Women came as flappers, there was a cigarette girl and one woman channeled her elegant great Aunt. The men rented zoot suits and a couple even tricked out a flower box to disguise a toy-machine gun. All this roaring 20s pageantry transformed our suburban home into a stage for one very memorable night.

I would love to have attended that party as an adult; maybe I’ll just have to re-create it myself someday.

Create: Apple Everything

Here’s the thing about a day spent eating cider doughnuts and plucking apples: you will end up with several sacks of the rosy cheeked beauties that you then need to consume. I remember my mom boiling up countless batches of apple sauce in a effort to lessen our teetering piles of fruit, and assuage her guilt about letting it go to waste.

Despite the many hours of labor, we never ate all that apple sauce. Which is why I thought it was really brilliant when my friend Sarah showed up for dinner and gifted us with her homemade applesauce.  The presentation in a mason jar with a hand-stamped tag made such an elegant, simple treat for fall.

Sarah adapted this recipe from the canning blog Food in Jars by leaving out the sugar and sweetening the apple sauce with a teaspoon of honey. Just perfect.
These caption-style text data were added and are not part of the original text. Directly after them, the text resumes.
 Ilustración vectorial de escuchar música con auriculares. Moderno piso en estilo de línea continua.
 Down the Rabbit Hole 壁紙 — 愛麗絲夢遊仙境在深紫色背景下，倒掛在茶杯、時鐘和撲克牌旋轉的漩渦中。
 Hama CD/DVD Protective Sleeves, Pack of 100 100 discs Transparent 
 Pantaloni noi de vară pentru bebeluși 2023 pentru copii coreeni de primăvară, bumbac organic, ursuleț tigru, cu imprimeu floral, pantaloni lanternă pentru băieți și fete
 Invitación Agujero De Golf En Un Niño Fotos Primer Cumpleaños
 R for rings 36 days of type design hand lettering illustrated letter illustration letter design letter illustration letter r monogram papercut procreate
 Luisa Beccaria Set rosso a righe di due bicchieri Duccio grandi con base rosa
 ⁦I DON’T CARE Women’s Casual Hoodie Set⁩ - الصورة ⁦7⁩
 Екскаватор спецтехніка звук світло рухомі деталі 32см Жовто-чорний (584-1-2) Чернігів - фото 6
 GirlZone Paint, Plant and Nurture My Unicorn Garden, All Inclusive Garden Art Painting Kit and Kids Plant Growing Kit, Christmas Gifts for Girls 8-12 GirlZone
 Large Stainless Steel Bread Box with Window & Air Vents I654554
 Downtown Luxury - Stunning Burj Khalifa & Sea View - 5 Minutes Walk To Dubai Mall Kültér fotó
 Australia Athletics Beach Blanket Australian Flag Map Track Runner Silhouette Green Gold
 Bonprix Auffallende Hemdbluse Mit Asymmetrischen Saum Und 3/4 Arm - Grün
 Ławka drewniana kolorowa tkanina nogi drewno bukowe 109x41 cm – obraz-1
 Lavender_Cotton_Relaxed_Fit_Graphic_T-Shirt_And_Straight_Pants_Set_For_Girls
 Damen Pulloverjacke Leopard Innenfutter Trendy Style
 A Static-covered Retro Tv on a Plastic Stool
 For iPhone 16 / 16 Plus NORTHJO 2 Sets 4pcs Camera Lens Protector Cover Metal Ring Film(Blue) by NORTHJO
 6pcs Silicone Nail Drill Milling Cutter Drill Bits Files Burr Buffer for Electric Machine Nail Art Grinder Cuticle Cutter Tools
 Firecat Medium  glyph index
I’ve been grabbing apples at the greenmarket and baking crumble based on this Bon Appétit recipe. I use the one cup of the sugar for the crumble and sprinkle a little sugar (not a 1/2 cup) on the cut fruit. I’ve mixed plain and flavored oatmeal (maple, cinnamon) which went over well. Also, because I can’t resist all the apple names, I use a jumble of varieties and slice just enough to fill the baking dish, which is certainly less than the four pounds called for in the recipe.